'a Música Natureza De Léa Freire' Traz Cinema Experimental

‘A Música Natureza de Léa Freire’ traz cinema experimental – 18/07/2024 – Ilustrada

Celebridades Cultura

A chave para entender “A Música Natureza de Léa Freire” está depois dos créditos finais. A protagonista aparece de camiseta preta com a frase: “Desvelo, velha maluca!”.

Na língua portuguesa, a origem da vocábulo maluco é controversa. A maioria dos linguistas diz se tratar de um tipo doido, louco ou extravagante. Alguém que sofre das faculdades mentais.

O professor José Pedro Machado, responsável de um dos mais antigos dicionários etimológicos da língua portuguesa, acredita que maluco venha das Ilhas Molucas. Um arquipélago indonésio que era a única manadeira de noz-moscada e cravo do planeta até o século 15. A resistência dos nativos ao extrativismo europeu os fez serem apelidados de loucos selvagens.

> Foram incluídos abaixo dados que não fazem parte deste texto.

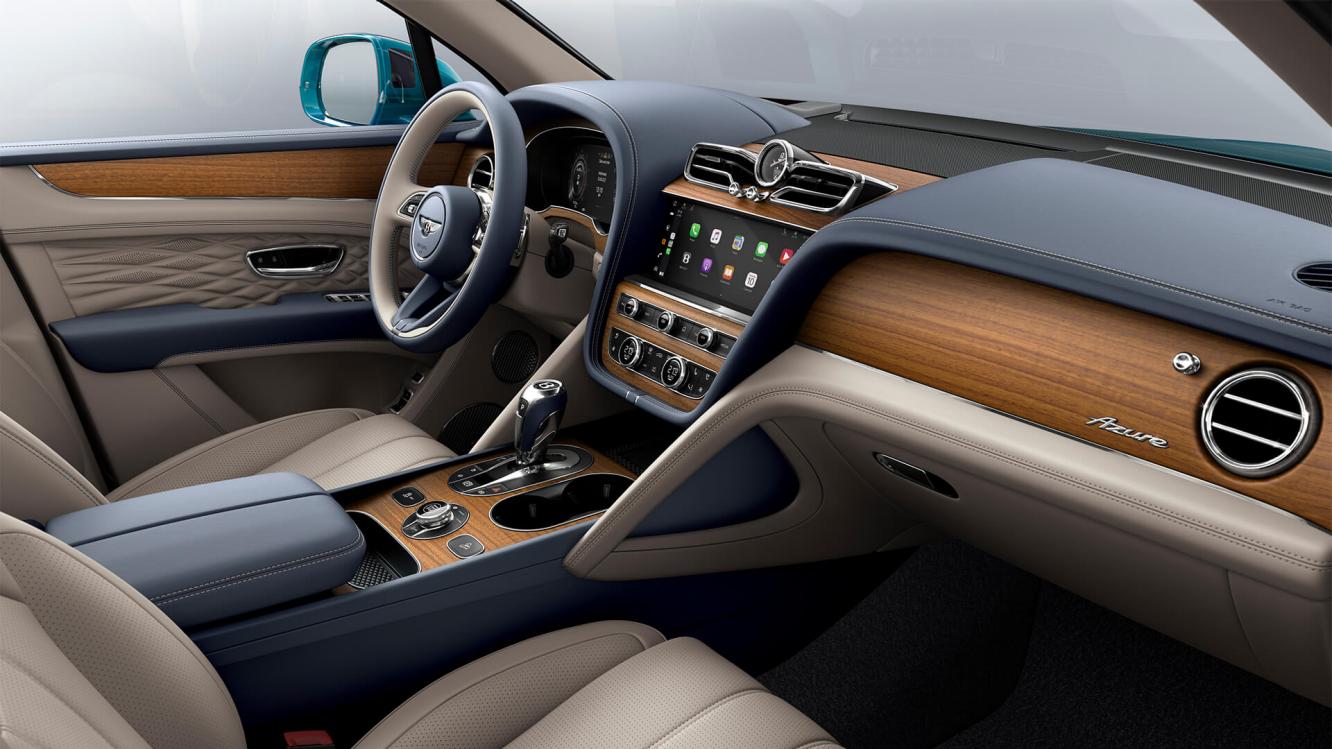 Bentley Bentayga EWB Azure interior with Open Pore Koa veneer and Portland hide seats, view from the passenger seat over looking the driver's seat.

O pequeno introito ajuda a nos aproximarmos de Léa Freire, essa espécie de pessoa selvagem que renuncia à vida dita civilizada. Mesma ruptura que o diretor Lucas Weglinski, responsável também pela montagem, faz nas sequências em que a protagonista toca qualquer instrumento. A sequência final, depois dos créditos, chega a ter mais de dez imagens ao mesmo tempo na tela.

Não com uma partilha rígida entre elas, mas com certa selvageria visual. Cada frame tem vida própria, imitando até um trem em movimento. Em outro momento, os cortes acompanham o beat da música, do qual título “Turbulenta” parece dialogar com a própria estrutura da obra.

Não é um tradicional documentário de cabeças falantes, nem mesmo uma justaposição de cenas aleatórias. Enquanto ouvimos um agudo do piano, por exemplo, não vemos o dedo na tecla. Aparece na imagem a respiração de Léa, a veia saltando no pescoço. O que se vê é o que se sente.

Lucas já tinha assinado, em parceria com Joaquim Castro, a direção e montagem de outro documentário subversivo, “Máquina do Libido”, sobre os 60 anos do Teatro Oficina. A diferença é que em “A Música Natureza de Léa Freire”, feito dois anos depois, o material de registro não é preponderante na obra. Se José Celso Martinez já é figura notória dos brasileiros, Léa Freire é uma ilustre desconhecida da maioria de nós. O diretor mesmo só foi conhecê-la profundamente em 2018, quando o projeto do filme começou a nascer.

Por que não conhecemos Léa Freire? A nossa ignorância sobre a protagonista do filme de Lucas Weglinski diz muito sobre o projeto de país em que vivemos nos últimos anos. Um Brasil que, historicamente, destaca o varão enquanto ser extraordinário e relega à mulher o espaço de coadjuvante até na própria história.

Pense rápido na MPB, pense rápido na música de concerto. Quantas mulheres de destaque surgem na sua memória? A sequência do filme que mostra a participação de Léa, que ocupa esses dois espaços, nas aulas de uma renomada escola de música dos Estados Unidos é o retrato desse cenário inóspito na cultura brasileira. Enquanto consumimos os enlatados que de fora, quem é de fora consome a arte que produzimos cá.

A reflexão que o filme traz sobre a artista, que rompe barreiras entre o erudito e o popular, se aplica ao próprio documentário em si. O ritmo é mais lento, os planos mais fechados, a iluminação é carregada nas sombras. Não é um filme para se ver no celular ou no computador.

“A Música Natureza de Léa Freire” foi feito uma vez que uma experiência de cinema e planejado para novas possibilidades de percepção da obra. Destaque para o imagem de som, que promove uma submersão nessa música natureza, uma vez que Léa Freire define o próprio trabalho. Uma música mais sensível, recusando o massacre sensorial da vida contemporânea.

Não espere encontrar no filme uma estrutura clássica de biografia, pelo contrário. A luz está somente na música da protagonista. Fiquei instigado com as questões pessoais dela: maternidade, família, depressão, distanciamento social por motivo da pandemia de Covid-19.

Tudo isso é citado, mas não e aprofundado. E não cabe a mim, uma vez que crítico, criticar as ausências da obra. Prefiro enaltecer aquilo que o diretor fez questão de costurar na colcha de retalhos de uma vida tão complexa uma vez que a de Léa. Uma mulher de vanguarda, proeminente em cenários masculinos. Uma compositora brasileira em origem, e paradoxalmente universal. Uma pessoa que passou a vida toda reescrevendo as possibilidades de horizonte.